======== STUDY MATERIAL

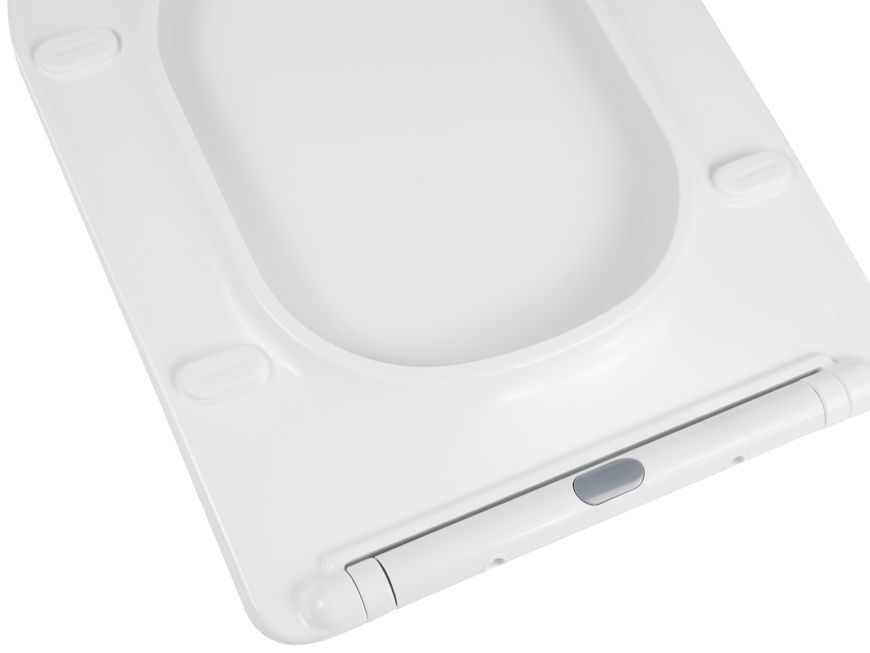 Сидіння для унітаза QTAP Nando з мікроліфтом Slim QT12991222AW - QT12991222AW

================
======== STUDY MATERIAL

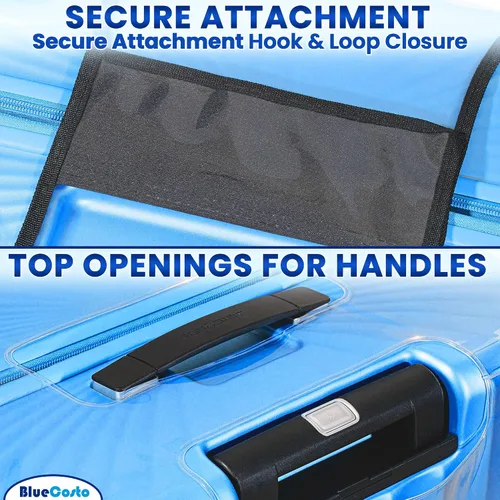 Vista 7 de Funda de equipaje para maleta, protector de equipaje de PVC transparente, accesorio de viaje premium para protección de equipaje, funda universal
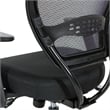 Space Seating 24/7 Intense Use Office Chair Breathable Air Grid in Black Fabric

================

*WHAT IS REQUIRED:*
Starting at the line above that contains "Vista 7 de Funda", transcribe every line exactly through the line that contains "Space Seating 24/7", including that last one, and skip the pictures.

*RESPONSE FOR THIS EXERCISE:*
 Vista 7 de Funda de equipaje para maleta, protector de equipaje de PVC transparente, accesorio de viaje premium para protección de equipaje, funda universal
 Space Seating 24/7 Intense Use Office Chair Breathable Air Grid in Black Fabric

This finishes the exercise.